Fortunate it was for the Allies that those who possessed these weapons from the beginning found that they could quickly overrun nations but not continents. In that sense the blitzkrieg is a failure. Hitler has found this out in Russia and Japan will find this out in the Pacific. Even if the Axis powers should meet in India, they cannot win. Though it take years, the American colossus and what remains of the British Empire will seek them out even if they have to go across to Russia, China or to the depths of Africa to do it. Naturally, Churchill and Roosevelt hope that Japan and Germany will never meet in India and they will undoubtedly try to hold the key points in the Pacific against Japan while keeping Germany from breaking out of the bounds of Europe. The next great battles of the war will rage around these objectives.

Revolt as an Offensive Weapon

What about those internal forces that are gathering to uproot Hitler in the near future? This is one of the first questions that Churchill attempted to answer upon his arrival in Washington. It is in fact an illusion that he quickly punctured. To look to the occupied countries for forces strong and mature enough to overthrow Hitler is to overlook what is historically true: that the forces of revolt can be successful only when the repressive forces themselves are reeling. And this, Churchill explained, is to be accomplished primarily from without by the armed might of the Allies. We might add to this that Churchill certainly doesn’t want any revolts, even against the enemy, without powerful Allied armies on the scene to make certain that these revolts are kept well within bourgeois limits. This is the plan, not only of Churchill and Roosevelt, but of Stalin too, who has offered his cooperation toward this miserable end and even more openly than the others.

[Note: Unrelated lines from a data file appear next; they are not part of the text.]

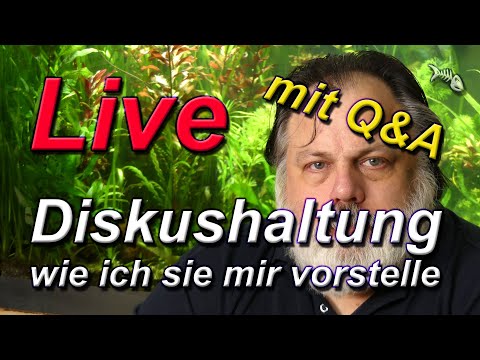 LIVE - mit Q&A - Der Diskus - Wie ich mir die optimale Haltung von Diskussen vorstelle.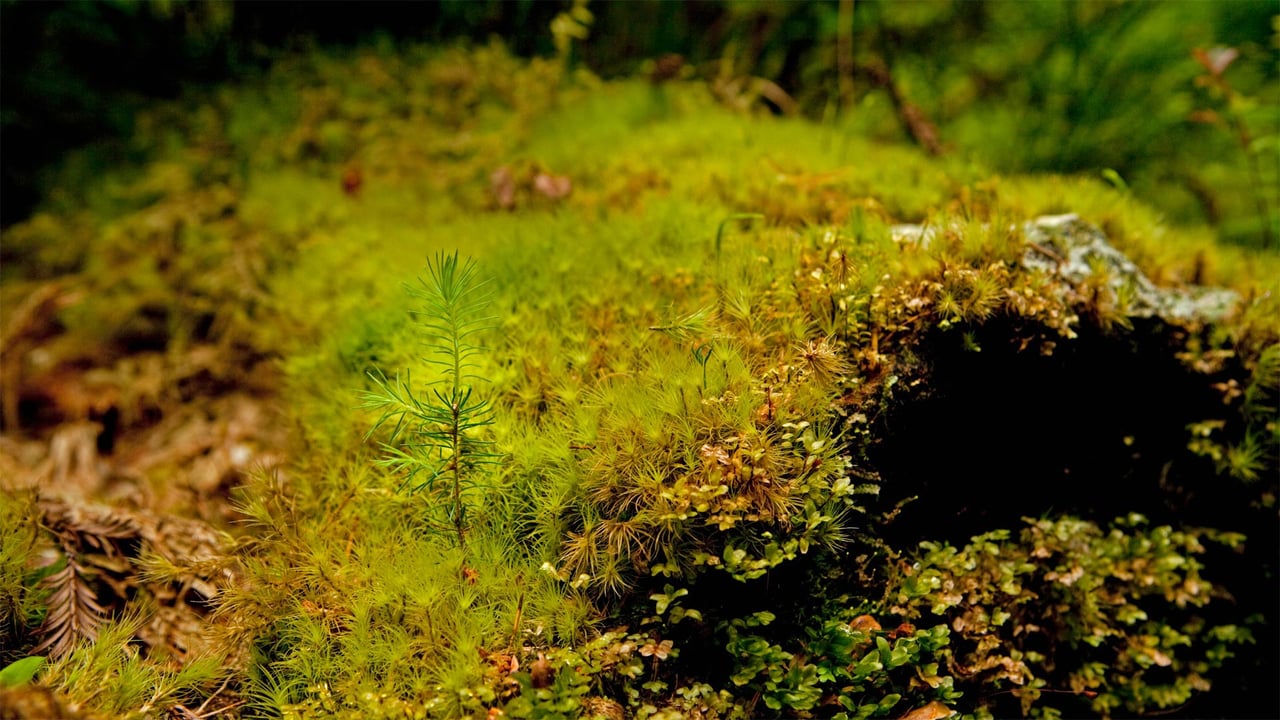 A young coast redwood sprouting out of an old log in Prairie Creek Redwoods State Park, California (© Hutch Axilrod/Getty Images) desktop wallpaper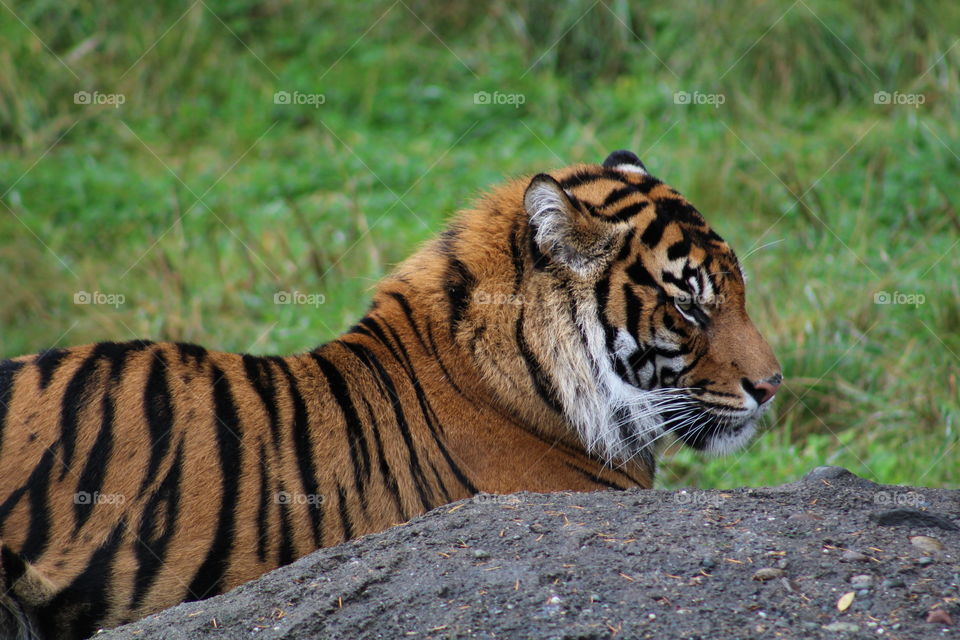 Close-up of a tiger and rock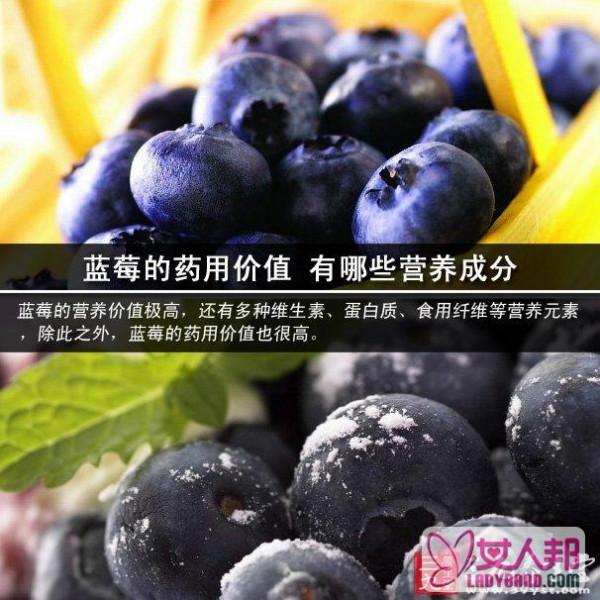 蓝莓的药用价值 有哪些营养成分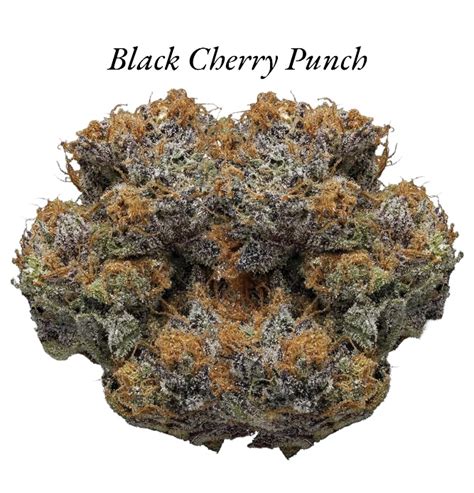 Black Cherry Punch - naturalhighdelivery.com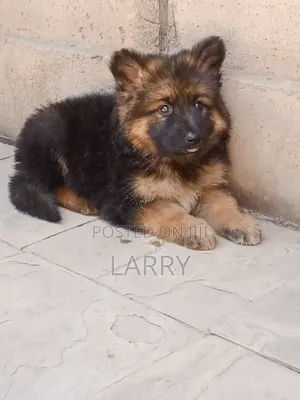1-3 months Female Purebred German Shepherd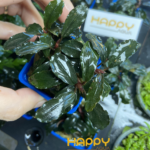 Beccep Chậu Beccep Chậu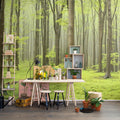 Deciduous Forest Mural Wallpaper - room preview 02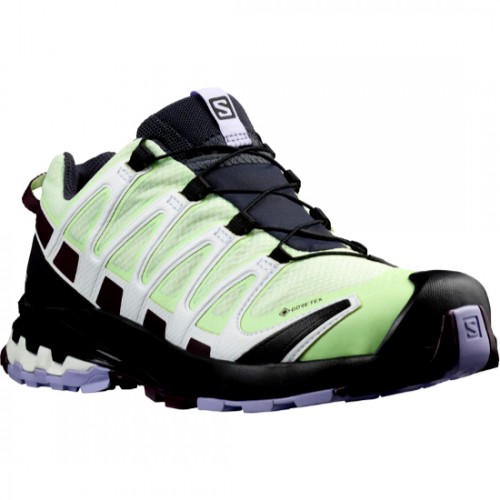 Salomon XA Pro 3D Gore-tex Patina Green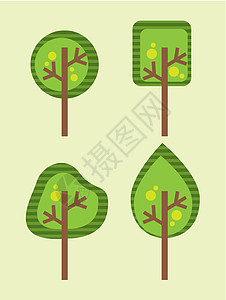 弧日 arbor 天叶子插图树干乔木庆典环境植物褐色橡木绿色图片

Yes, Stalin’s war aims are not only to keep himself in power. His agreement with Sikorski, the reactionary Polish leader, and with Churchill is intended to make him a participant in the common Allied scheme to set up again in Europe a new Versailles of pro-Allied capitalist nations such as Poland, Czechoslovakia and Yugoslavia which, together with Russia, are to guarantee the eternal subjection of a disarmed and helpless Germany in the interests of British and American imperialism. Stalin has even suggested an international army (of which he will be a part) of the victorious Allied nations to guarantee this capitalist relationship in Europe. The coming revolts in a world that will be war-exhausted may very well, in their flood, engulf the capitalist pattern worked out by Churchill and Stalin. But who is there that does not see that among the forces on the capitalist side will be Stalin’s Comintern preaching and fighting, not for the program of socialism, but for the Four Freedoms.

When, therefore, the SWP advises Stalin that he should conduct the war by revolutionary means, they are bound to be disappointed. In this war, at any rate, the “workers’ state” can employ nothing but Allied methods for conducting the war. They warn Stalin that without a revolutionary program he will lose the war, but he has more faith in his own methods and the aid of his Allies. When the Russians are losing, The Militant announces that it is because Stalin purged his military leaders and pursues the war by non-revolutionary methods. When, on the other hand, they are winning, these people proclaim that it is because Russia is a “workers’ state.”

Rather than speculate upon the vague and unreal possibility of the “democracies” eventually turning against Stalin and the fear that Stalin will lose the war, the SWP should ponder well the reactionary meaning of a victorious Stalin and his Comintern, promoting, together with the imperialists, the counter-revolutionary aims of world capitalism. This is the real danger that confronts the workers and colonial peoples of the world.

The danger of the Stalinist supported capitalist counter-revolution becomes all the more pronounced as the arena of the war widens to include the explosive area of the intensely exploited colonial peoples. New millions of victims are being added to the hosts of war sufferers. In the battle of continents, it is unthinkable that out of these unendurable fires that sweep over our planet there will not be forged those mighty forces that will push aside all who would keep them perpetually shackled in the chains of imperialist violence and misery.